Durante años, enseñé en un grupo de estudio bíblico para adultos en una iglesia local, y analizaba detenidamente las Escrituras antes de responder preguntas en las clases. Más tarde, con 40 años y durante una disertación en mi primer semestre en el seminario, descubrí que había respondido terriblemente mal la pregunta apesadumbrada de una mujer que había asistido a mis clases. Estaba seguro de que mi respuesta la había angustiado desde aquel momento, hacía dos años, y estaba ansioso por retractarme.
Corrí a casa, la llamé y, al instante, estallé en disculpas. Después de una larga pausa, me dijo con tono perplejo: «Lo siento, pero no logro darme cuenta de quién es usted». ¡Yo no había sido ni tan memorable ni tan perjudicial como pensaba! Entonces, comprendí que Dios sigue protegiendo la verdad de su Palabra a medida que vamos creciendo en el conocimiento de ella. Estoy agradecido de que Él haya protegido el corazón de aquella mujer.
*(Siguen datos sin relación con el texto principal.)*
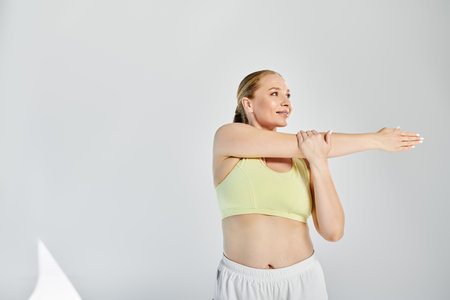 A fit woman in a crop top stretches her arms in a vibrant studio, showcasing her commitment to...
Somos humanos y, a veces, cometeremos errores al compartir la Palabra de Dios con los demás. Pero tenemos la obligación de buscar diligentemente su verdad y tener cuidado al hablar de ella (2 Timoteo 2:15). Entonces, podremos proclamar con denuedo su nombre y orar para que su Espíritu no solo proteja nuestro corazón, sino también el de aquellos a quienes procuramos servir. Dios y su Palabra merecen el mayor cuidado.